We get messages "GC cache entry '%s' (dev=%d ino=%d) was on gc-list for %d seconds" or "GC cache entry '%s'was on gc-list for %d seconds" in this condition:
(gc_sec > cache->gc_ttl) && (dead->value->ref_count > 0)
First condition means, item was deleted later then apc.gc_ttl seconds ago and its still in garbage collector list. Seconds condition means, item is still referenced.
e.g., when a process unexpectedly died, reference is not decreased. First apc.ttl seconds is active in APC cache, then is deleted (there isn't next hit on this item). Now item is on garbage collector list (GC) and apc.gc_ttl timeout is running.

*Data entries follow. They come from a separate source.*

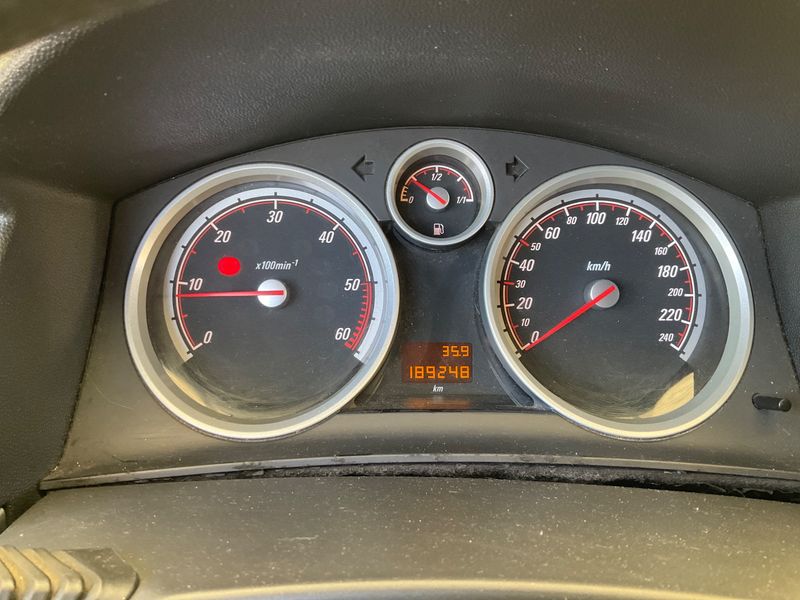 Opel Astra GTC 1.9 CDTI Sport 2007 – снимка 4
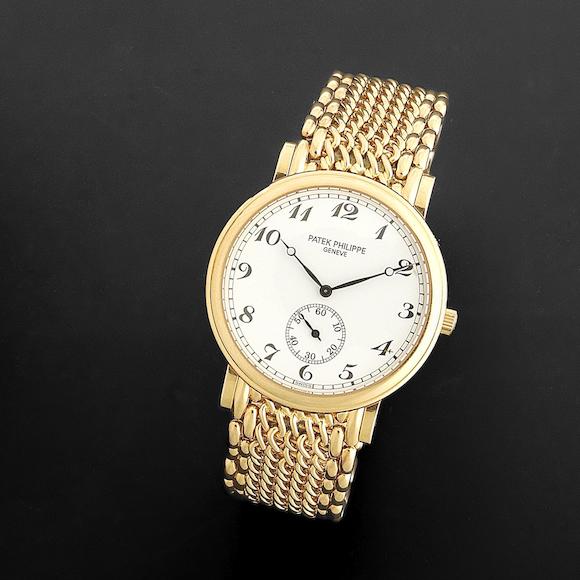 Bonhams : Patek Philippe. An 18K rose gold manual wind bracelet watch ...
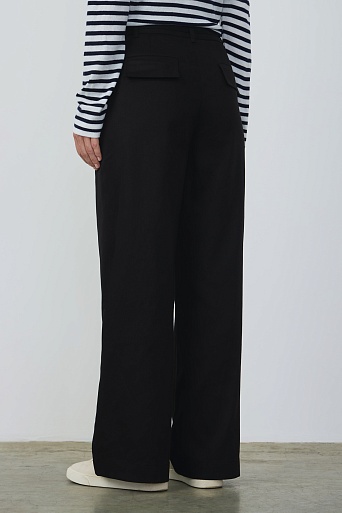 Широкие брюки с пояском, черные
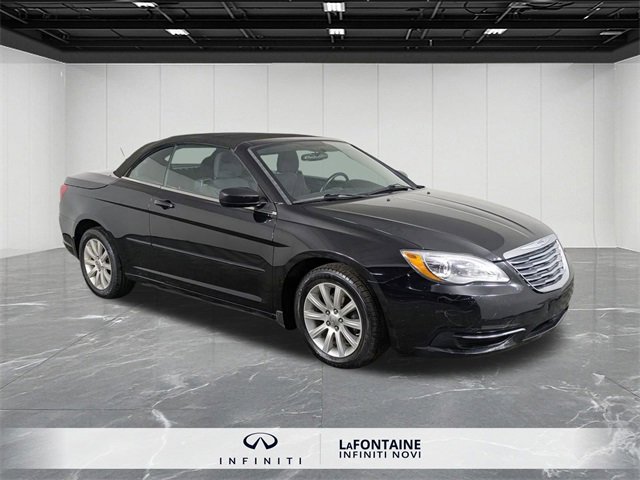 Used 2014 Chrysler 200 Touring image 7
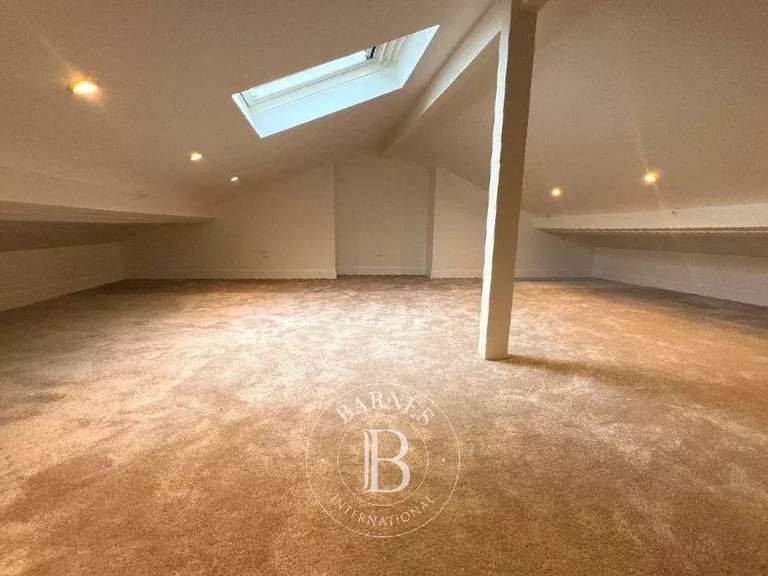 Maison Tours - 5 chambres - 176m²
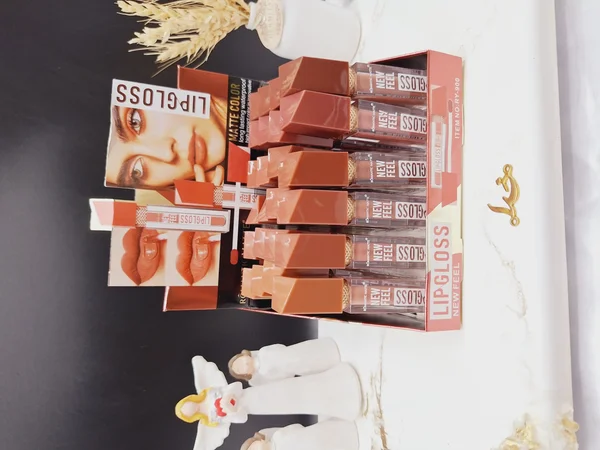 پک 6 عددی رژ مایع مات و ضد آب با ماندگاری بالا Romntic Matt کد RY900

When apc.gc_ttl is less then (now - item_deletion_time), warning is written and item is finally completely flushed.
So what should we do?
I think the latter case is a likely candidate, as we see a couple hundred apache worker segfaults daily, in both php5 and libxml2 space. The first case is likely a bug in php core and it's worth checking whether we'd see the same behavior running a current php release. Core analysis may help us determine if a reproduceable state always leads to the crash. Similarly with libxml2. I suppose we'd have to patch apc with additional logging to really know for sure that this is the cause.
From your understanding of the apc source, when would such items ever
actually be freed? Only on apache restart?
On Tuesday, October 2, 2012, Patrick Reilly wrote:
Time to time, we receive a strange warning message in fenari:/home/wikipedia/log/syslog/apache.log
Oct 3 01:01:03 10.0.11.59 apache2[20535]: PHP Warning: * require() [<a href='function.require'>function.require</a>]: GC cache entry '/usr/local/apache/common-local/wmf-config/ExtensionMessages-1.20wmf12.php' (dev=2049 ino=10248005) was on gc-list for 601 seconds in /usr/local/apache/common-local/php-1.20wmf12/includes/AutoLoader.php* on line 1150
Definitely this issue comes from *APC*, source code from package apc-3.1.6-r1. When item is inserted into user cache or file cache, this function is called.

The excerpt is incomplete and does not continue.